Adam Opel is still losing money; Girsky's still negotiating with German officials and unions about job cuts and plant closures. He's proud of the electric Volt -- "the highest customer satisfaction we have, it's brought more BMW families to GM than Cadillac," though initial sales disappointed. He's less sanguine about proposals for cars that run on Pennsylvania natural gas: "We need the global infrastructure in palace. That's still a ways off."
"GM shares are now trading below $20 again. That belies the great optimism displayed by executives, the media and members of the (Obama) Administratoin," counters Mark Modica, who lost his job at a Bucks County Saturn dealership when GM killed the brand during the crisis, and has since been an occasional commentator on Fox News. "Management continues to focus on the politically-motivated Chevy Volt, which loes money for the company and its shareholders, most of whom are the U.S. taxpayers," Modica told me.
It will take many successful models to save GM long-term, Girsky said.

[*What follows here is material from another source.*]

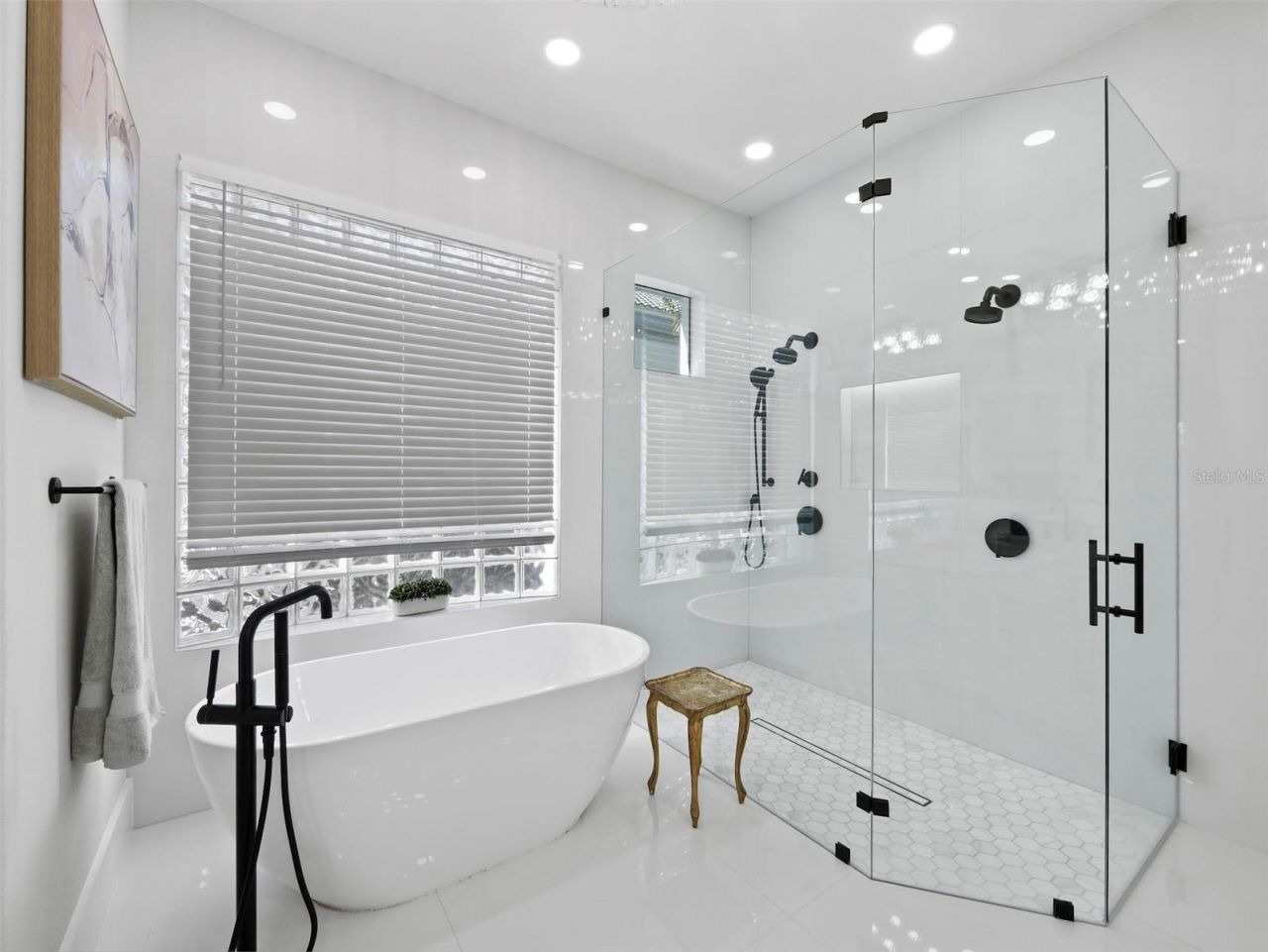 3533 Fair Oaks Lane, Longboat Key, FL 34228 Photo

He's enthusiastic about the new Cadillac models. "The low-end ATS is convenient; the big XTS is a whole connected car, phone, music, anything. It's a higher level experience than you're goint to have" in a mid-range model. "Cadillac needs to be successflu globally if we're going to be as profitable as Volkswagen," which sells fewer vehicles than GM but makes more money.
I ask if he's worried most young people aren't buying cars (or houses, or cable TV) these days. "Yes," he says. It would be great for GM if US annual vehicle purchases rose back toward 20 million again. But GM, broadly, "is in the mobility business," and he's open to building other kinds of transportation (as GM has in the past), if that's where the market moves. It's just "hard," Girsky concluded, even in a business that's all about long-term planning, "to know the future."